» **Task to carry out**: Reproduce the entries below exactly, but only from the line containing "Mjl People Dynamics Pty Ltd" to the line containing "Kit & Ace Pantalone Abito Uomo", inclusive.

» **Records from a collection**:
--------------------

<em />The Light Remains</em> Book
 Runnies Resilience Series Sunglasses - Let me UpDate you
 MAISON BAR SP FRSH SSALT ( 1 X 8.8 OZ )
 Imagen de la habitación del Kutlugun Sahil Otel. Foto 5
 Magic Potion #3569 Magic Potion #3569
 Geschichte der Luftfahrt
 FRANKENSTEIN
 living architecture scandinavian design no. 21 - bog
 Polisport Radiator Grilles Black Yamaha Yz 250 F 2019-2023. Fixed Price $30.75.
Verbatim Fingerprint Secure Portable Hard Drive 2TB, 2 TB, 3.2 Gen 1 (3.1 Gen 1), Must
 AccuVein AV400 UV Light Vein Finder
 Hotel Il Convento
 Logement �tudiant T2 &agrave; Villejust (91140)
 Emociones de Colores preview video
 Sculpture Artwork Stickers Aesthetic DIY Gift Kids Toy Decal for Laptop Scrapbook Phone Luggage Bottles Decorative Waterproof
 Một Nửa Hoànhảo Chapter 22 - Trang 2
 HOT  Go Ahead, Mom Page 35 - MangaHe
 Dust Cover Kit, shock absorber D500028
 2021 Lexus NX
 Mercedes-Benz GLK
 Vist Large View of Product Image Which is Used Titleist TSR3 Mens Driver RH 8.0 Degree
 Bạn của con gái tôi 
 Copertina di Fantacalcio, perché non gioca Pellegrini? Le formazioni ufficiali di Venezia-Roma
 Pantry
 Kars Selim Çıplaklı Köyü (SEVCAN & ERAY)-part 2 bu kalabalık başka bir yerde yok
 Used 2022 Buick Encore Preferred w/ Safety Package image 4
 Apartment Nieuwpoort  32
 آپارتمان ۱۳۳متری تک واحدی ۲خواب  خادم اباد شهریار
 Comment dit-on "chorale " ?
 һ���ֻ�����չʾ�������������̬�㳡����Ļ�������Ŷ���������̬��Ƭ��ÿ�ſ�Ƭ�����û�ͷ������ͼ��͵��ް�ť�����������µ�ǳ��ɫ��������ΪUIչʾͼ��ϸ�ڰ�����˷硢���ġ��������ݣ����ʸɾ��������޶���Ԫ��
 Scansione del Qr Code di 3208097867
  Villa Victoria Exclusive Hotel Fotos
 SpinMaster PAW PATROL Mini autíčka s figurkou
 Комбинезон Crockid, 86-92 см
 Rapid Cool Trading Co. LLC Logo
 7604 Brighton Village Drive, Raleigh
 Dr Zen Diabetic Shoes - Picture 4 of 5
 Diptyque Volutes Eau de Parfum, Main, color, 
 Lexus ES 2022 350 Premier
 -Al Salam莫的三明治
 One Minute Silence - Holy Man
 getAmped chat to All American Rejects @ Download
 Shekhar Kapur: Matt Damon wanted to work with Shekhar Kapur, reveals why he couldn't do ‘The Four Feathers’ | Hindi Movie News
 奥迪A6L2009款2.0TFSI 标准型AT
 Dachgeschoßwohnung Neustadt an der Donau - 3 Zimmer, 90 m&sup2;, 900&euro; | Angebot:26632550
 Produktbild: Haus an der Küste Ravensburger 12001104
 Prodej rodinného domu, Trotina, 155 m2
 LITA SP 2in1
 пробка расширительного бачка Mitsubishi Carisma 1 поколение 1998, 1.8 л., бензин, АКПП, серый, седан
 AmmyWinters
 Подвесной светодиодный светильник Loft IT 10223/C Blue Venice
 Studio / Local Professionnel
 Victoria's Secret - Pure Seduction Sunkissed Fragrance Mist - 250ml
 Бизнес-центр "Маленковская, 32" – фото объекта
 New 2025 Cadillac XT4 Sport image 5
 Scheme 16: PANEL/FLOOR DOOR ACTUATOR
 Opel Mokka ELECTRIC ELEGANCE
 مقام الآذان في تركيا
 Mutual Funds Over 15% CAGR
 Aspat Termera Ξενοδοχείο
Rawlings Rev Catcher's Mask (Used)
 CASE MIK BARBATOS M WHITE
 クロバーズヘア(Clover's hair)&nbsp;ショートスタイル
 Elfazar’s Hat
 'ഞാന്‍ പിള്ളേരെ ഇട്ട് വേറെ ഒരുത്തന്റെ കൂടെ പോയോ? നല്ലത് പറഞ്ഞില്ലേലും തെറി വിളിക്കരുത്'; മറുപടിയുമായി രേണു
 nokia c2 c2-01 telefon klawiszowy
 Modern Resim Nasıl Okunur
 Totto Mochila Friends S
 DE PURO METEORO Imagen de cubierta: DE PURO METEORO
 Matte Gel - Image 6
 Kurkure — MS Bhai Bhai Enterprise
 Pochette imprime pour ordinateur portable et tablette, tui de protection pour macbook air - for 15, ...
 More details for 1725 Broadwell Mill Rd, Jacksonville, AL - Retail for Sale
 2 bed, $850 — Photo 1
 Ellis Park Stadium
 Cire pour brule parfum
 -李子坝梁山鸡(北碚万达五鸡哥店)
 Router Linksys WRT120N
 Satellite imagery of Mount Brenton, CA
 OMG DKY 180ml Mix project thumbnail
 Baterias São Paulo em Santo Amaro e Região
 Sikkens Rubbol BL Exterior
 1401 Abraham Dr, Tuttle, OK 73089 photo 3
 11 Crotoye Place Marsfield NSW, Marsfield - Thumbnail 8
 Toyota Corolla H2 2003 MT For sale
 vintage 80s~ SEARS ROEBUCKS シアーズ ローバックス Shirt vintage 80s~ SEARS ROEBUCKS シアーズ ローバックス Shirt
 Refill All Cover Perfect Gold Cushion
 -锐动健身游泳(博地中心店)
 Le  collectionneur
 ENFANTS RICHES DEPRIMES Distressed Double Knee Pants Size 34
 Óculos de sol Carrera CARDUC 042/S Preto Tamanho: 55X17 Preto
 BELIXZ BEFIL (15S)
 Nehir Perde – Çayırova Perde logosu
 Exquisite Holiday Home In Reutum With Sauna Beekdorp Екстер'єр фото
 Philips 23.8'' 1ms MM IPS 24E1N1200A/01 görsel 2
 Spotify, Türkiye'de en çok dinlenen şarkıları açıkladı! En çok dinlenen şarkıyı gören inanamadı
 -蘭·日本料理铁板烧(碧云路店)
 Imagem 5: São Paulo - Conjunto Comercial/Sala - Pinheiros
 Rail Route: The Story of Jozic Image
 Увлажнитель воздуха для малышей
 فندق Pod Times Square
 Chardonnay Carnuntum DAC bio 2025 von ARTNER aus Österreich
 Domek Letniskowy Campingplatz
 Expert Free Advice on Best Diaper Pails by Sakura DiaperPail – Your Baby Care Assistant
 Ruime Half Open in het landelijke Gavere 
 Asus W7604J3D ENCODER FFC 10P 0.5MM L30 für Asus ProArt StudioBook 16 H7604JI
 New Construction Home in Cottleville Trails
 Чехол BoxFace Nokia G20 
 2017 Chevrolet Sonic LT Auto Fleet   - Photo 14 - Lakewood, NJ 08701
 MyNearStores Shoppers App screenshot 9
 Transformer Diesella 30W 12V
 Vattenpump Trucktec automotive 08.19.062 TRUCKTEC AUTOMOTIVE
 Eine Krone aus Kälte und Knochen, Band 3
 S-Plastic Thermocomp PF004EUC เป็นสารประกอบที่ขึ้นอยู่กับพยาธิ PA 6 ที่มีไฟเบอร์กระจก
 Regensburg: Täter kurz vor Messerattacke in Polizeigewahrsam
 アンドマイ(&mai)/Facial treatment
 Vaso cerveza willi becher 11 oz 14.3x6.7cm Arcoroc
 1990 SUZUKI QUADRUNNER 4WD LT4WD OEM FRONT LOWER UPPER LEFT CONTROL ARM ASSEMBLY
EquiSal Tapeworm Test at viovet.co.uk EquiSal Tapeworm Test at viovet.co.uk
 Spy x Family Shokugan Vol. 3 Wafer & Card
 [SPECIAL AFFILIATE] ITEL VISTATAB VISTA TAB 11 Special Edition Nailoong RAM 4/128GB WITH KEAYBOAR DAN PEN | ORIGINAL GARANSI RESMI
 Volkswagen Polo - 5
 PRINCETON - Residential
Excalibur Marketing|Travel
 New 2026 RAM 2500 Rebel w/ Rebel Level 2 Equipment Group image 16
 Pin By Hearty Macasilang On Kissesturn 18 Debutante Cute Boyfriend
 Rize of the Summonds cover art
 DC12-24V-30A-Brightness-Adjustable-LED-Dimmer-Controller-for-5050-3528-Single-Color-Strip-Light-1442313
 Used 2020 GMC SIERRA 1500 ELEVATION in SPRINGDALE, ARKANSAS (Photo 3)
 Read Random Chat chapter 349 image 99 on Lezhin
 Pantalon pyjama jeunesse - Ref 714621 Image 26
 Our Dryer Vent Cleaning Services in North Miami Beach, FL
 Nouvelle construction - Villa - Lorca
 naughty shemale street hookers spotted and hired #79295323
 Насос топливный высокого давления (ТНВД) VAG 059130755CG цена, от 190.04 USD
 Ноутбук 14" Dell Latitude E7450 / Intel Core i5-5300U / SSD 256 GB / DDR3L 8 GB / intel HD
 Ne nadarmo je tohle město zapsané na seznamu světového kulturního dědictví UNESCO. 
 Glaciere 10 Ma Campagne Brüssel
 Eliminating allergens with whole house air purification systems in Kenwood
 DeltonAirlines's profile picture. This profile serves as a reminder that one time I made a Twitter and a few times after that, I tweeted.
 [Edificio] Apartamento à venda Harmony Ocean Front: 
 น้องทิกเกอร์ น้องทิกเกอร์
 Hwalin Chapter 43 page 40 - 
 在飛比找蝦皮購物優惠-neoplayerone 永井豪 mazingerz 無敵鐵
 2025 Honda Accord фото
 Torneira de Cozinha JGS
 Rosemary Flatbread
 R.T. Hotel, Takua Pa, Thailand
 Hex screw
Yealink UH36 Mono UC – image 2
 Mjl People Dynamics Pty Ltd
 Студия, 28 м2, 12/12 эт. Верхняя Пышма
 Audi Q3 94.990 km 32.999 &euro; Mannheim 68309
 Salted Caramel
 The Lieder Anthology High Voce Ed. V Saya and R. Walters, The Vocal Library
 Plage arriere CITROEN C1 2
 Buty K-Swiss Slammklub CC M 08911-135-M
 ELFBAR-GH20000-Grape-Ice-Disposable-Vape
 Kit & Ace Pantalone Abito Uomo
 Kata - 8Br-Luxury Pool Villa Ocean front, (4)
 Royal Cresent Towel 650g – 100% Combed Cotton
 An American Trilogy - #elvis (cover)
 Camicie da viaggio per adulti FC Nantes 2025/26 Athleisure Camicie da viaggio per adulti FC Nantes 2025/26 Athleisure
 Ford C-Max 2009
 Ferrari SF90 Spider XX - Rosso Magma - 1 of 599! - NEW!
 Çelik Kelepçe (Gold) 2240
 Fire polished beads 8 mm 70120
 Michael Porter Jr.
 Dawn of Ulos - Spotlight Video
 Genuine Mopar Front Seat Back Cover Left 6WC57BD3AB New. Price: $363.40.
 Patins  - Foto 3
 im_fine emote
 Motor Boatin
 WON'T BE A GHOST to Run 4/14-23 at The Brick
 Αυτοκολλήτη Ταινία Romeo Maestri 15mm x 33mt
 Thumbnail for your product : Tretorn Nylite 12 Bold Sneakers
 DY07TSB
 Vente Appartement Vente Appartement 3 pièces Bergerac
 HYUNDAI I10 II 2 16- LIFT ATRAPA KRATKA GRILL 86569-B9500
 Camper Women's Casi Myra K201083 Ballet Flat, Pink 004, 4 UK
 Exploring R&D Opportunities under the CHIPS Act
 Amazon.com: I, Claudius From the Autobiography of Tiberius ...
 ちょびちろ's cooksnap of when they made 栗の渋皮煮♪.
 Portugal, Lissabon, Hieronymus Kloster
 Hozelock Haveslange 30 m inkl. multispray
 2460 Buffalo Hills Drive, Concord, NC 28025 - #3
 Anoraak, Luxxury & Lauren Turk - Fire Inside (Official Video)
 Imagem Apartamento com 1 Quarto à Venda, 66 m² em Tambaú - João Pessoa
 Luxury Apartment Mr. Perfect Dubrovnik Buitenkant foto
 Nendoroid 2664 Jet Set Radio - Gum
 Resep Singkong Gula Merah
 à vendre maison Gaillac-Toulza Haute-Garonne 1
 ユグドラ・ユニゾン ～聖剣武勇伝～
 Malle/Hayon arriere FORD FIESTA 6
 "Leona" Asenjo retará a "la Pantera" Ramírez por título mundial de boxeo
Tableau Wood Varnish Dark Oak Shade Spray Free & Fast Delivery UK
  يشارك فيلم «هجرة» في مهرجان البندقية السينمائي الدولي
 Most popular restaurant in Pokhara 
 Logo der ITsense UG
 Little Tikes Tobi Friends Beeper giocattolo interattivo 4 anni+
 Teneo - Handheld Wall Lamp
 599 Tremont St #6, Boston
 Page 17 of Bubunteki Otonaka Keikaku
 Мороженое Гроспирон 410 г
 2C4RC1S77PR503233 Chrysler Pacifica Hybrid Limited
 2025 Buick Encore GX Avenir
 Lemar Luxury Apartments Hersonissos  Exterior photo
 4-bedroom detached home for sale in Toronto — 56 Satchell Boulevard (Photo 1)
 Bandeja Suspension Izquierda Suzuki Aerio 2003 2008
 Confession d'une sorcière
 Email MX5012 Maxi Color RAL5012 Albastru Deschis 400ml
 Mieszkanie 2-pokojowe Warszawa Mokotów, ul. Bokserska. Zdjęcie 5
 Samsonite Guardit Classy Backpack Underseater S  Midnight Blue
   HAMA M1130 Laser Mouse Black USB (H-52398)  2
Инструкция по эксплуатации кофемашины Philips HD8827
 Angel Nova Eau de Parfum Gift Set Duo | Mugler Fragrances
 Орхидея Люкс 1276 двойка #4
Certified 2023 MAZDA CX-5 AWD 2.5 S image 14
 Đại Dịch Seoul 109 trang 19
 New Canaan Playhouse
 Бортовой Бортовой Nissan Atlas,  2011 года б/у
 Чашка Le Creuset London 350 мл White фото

--------------------

» **Solution for this exercise**:
 Mjl People Dynamics Pty Ltd
 Студия, 28 м2, 12/12 эт. Верхняя Пышма
 Audi Q3 94.990 km 32.999 &euro; Mannheim 68309
 Salted Caramel
 The Lieder Anthology High Voce Ed. V Saya and R. Walters, The Vocal Library
 Plage arriere CITROEN C1 2
 Buty K-Swiss Slammklub CC M 08911-135-M
 ELFBAR-GH20000-Grape-Ice-Disposable-Vape
 Kit & Ace Pantalone Abito Uomo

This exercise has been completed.